Throw down your club and spotted tunic the archaic days of hot mop are gone. No reason to use hot tar on a new torch applied roof ever.

That being said, it’s going to come down to a matter of price and roof traffic. Both systems are good but I’d favor a 3-layer Torch APP in a moderate to high traffic areas. EPDM is a solid roof solution but doesn’t fair well when its walked on all the time.


#5

pitch rules…


#6

Hey, batta batta batta… SWING! & A miss…

Oh, wait. Not that kinda pitch.

EPDM for me; sounds like the only traffic will be for maintenance purposes.


#7

Hi,

In my area I will give you the best value for your money. If you tell me you are getting 5 bids. Mine will not be one of them.

I can not believe that you tell people to waste so many roofing contractors time.


#8

Ever been to 5 different auto dealers to look for a vehicle? It’s the nature of the business. :arrow:

I am not afraid to compete against 10 other quotes because I am confident in my product, my service & my commitment to the process.

That doesn’t mean I’m going to get 100% of the bids I place, however if I was afraid of the competition then I couldn’t sleep @ night because who knows… after I leave a jobsite any number of things can happen; additional estimators / roofers / salespeople are one of them (not all customers are there to meet & greet @ the time of inspection considering that we do our work during the same time they are probably not around).
:!:
I don’t have enough time to ONLY meet with a customer onsite to do measurements & hand out estimates.
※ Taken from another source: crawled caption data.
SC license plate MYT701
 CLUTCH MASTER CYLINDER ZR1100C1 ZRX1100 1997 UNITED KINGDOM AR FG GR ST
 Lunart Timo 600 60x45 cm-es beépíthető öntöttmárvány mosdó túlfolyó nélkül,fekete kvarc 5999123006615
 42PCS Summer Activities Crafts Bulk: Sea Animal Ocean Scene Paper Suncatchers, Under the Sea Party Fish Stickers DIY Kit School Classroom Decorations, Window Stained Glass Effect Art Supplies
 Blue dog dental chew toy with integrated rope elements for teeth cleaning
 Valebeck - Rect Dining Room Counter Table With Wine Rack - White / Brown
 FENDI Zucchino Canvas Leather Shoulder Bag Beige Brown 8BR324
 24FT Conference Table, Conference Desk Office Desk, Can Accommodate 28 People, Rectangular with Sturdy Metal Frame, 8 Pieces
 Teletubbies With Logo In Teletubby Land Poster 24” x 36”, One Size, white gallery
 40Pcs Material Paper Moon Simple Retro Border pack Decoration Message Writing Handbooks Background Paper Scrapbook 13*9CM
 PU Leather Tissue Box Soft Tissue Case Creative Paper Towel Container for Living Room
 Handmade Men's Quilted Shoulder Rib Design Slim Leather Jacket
Granted, sometimes I will drive a couple of blocks out of my way to look at a roof & see if they have done the work or not (one recent one was only 3 blocks from my house & the 2 man ‘tag team’ they hired took 5 days to do a tear-off, 2 decking repair & 30 +/- square dimensional lay. The customer will STILL have a leak @ the roof to patio joint because the underlying problem wasn’t addressed…

Cost was obviously the over abiding decision factor for these customers & my commitment to quality was not as important to them it seems. I have no idea what their quote was in relation to mine.

If I were to take rejection so deeply that it hurt my psyche then it might be better to take a job @ a hamburger joint & hope nobody changes their mind from “hamburger” to “cheeseburger”… :wink:


#9

Thanks for the replies so far guys.

I thought I would add the following…

No there isn’t much traffic on the roof, except my neighbors, I hate them. LOL sometimes I catch them on my roof watching fireworks or just drinking.

I also need to keep weight in mind, the metal of the roof is not at all new. I don’t really want to put three layers of bitumen down do I?

Also, I have recieved samples of bitumen and rubber, the bitumen looks like it’s the same as asphalt but with additives to make it pliable and able to be rolled into sheets. is that right?

The rubber looks very durable, even when walked on…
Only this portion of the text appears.